UN Secretary-General Ban Ki-moon on Saturday called for a ceasefire and said the neighbours should launch "serious dialogue" to resolve the dispute.
Thousands of civilians have fled both sides of the disputed jungle frontier because of the fighting, which has shattered a tense two-month lull in hostilities.
Sixteen camps in the area are providing refuge to more than 18,000 people, who have fled the fighting which has ended two months of calm, and the number was expected to rise to 20,000 by Sunday evening, Thai officials said.
Cambodian officials said 12,000 people had been evacuated.
The latest clashes have taken place near a different group of temples more than 100 kilometres away from the Preah Vihear temple which has been the focus of a long-running dispute which last blew up in February.
Both countries have accused each other of sparking the violence.
On Sunday Thai Prime Minister Abhisit Vejjajiva said his country was willing to hold bilateral talks and accused Cambodia of trying to "internationalise" the conflict by asking for outside mediation.
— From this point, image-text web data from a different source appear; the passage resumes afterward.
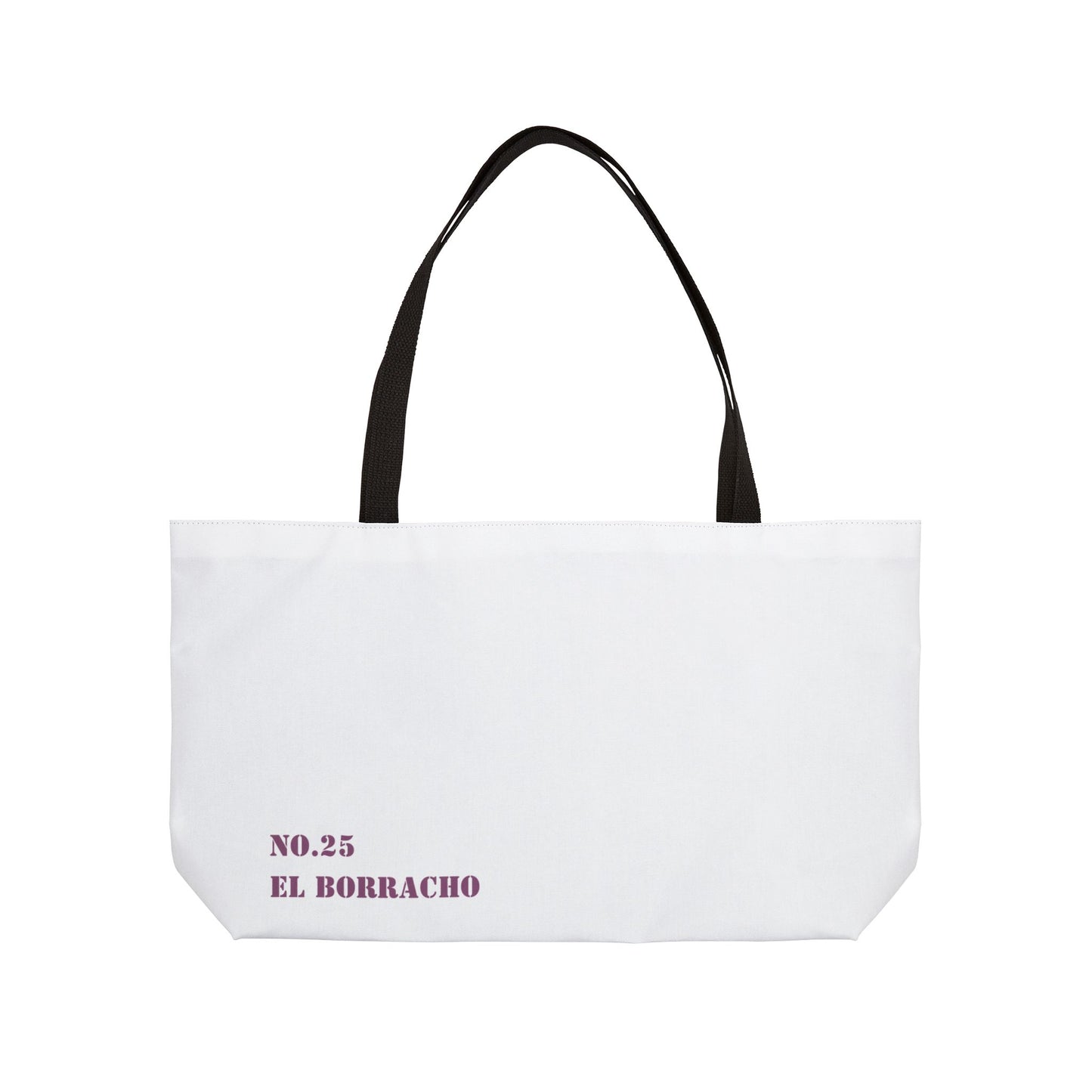 No. 25 EL BORRACHO - Weekender Tote Bag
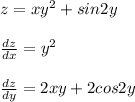 z=xy^2+sin2y\\\\
 \frac{dz}{dx} =y^2\\\\
\frac{dz}{dy} =2xy+2cos2y
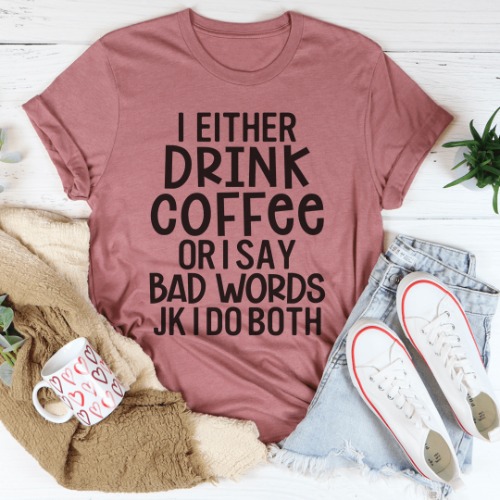 I Either Drink Coffee Or I Say Bad Words Tee - Mauve / 3XL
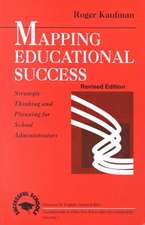 Mapping Educational Success: Strategic Thinking and Planning for School Administrators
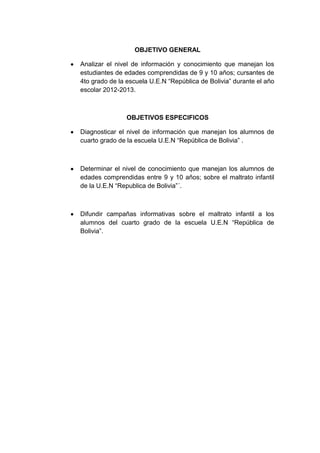 OBJETIVO GENERAL
Analizar el nivel de información y conocimiento que manejan los
estudiantes de edades comprendidas de 9 y 10 años; cursantes de
4to grado de la escuela U.E.N “República de Bolivia” durante el año
escolar 2012-2013.
OBJETIVOS ESPECIFICOS
Diagnosticar el nivel de información que manejan los alumnos de
cuarto grado de la escuela U.E.N “República de Bolivia” .
Determinar el nivel de conocimiento que manejan los alumnos de
edades comprendidas entre 9 y 10 años; sobre el maltrato infantil
de la U.E.N “Republica de Bolivia”´.
Difundir campañas informativas sobre el maltrato infantil a los
alumnos del cuarto grado de la escuela U.E.N “República de
Bolivia”.
 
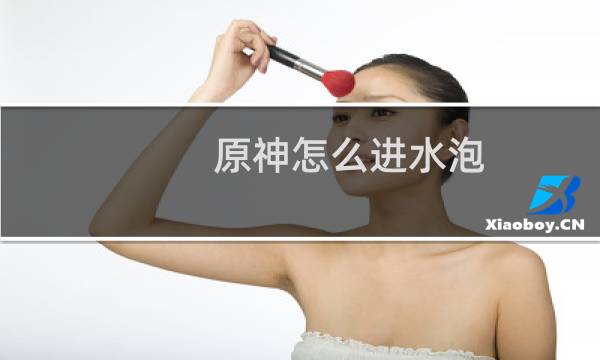 原神怎么进水泡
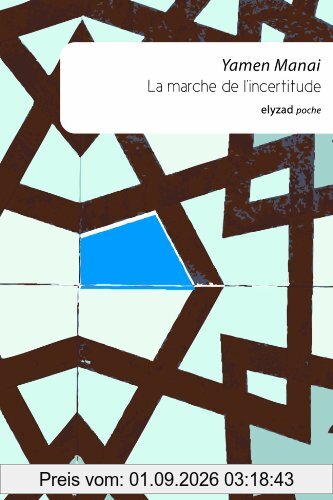 La marche de l'incertitude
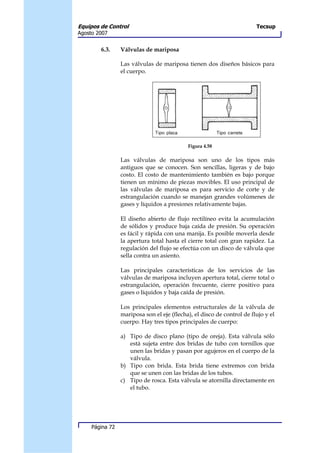 Equipos de Control                                                      Tecsup
Agosto 2007


        6.3.     Válvulas de mariposa

                 Las válvulas de mariposa tienen dos diseños básicos para
                 el cuerpo.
Indonesian Foreign Minister Marty Natalegawa is expected to travel to both countries on Monday for talks on the conflict. Jakarta, which holds the rotating chairmanship of the Association of South-East Asian Nations (Asean) regional bloc, has called for an immediate end to the violence.
The neighbours agreed in late February to allow Indonesian observers near Preah Vihear, but the Thai military has since said they are not welcome.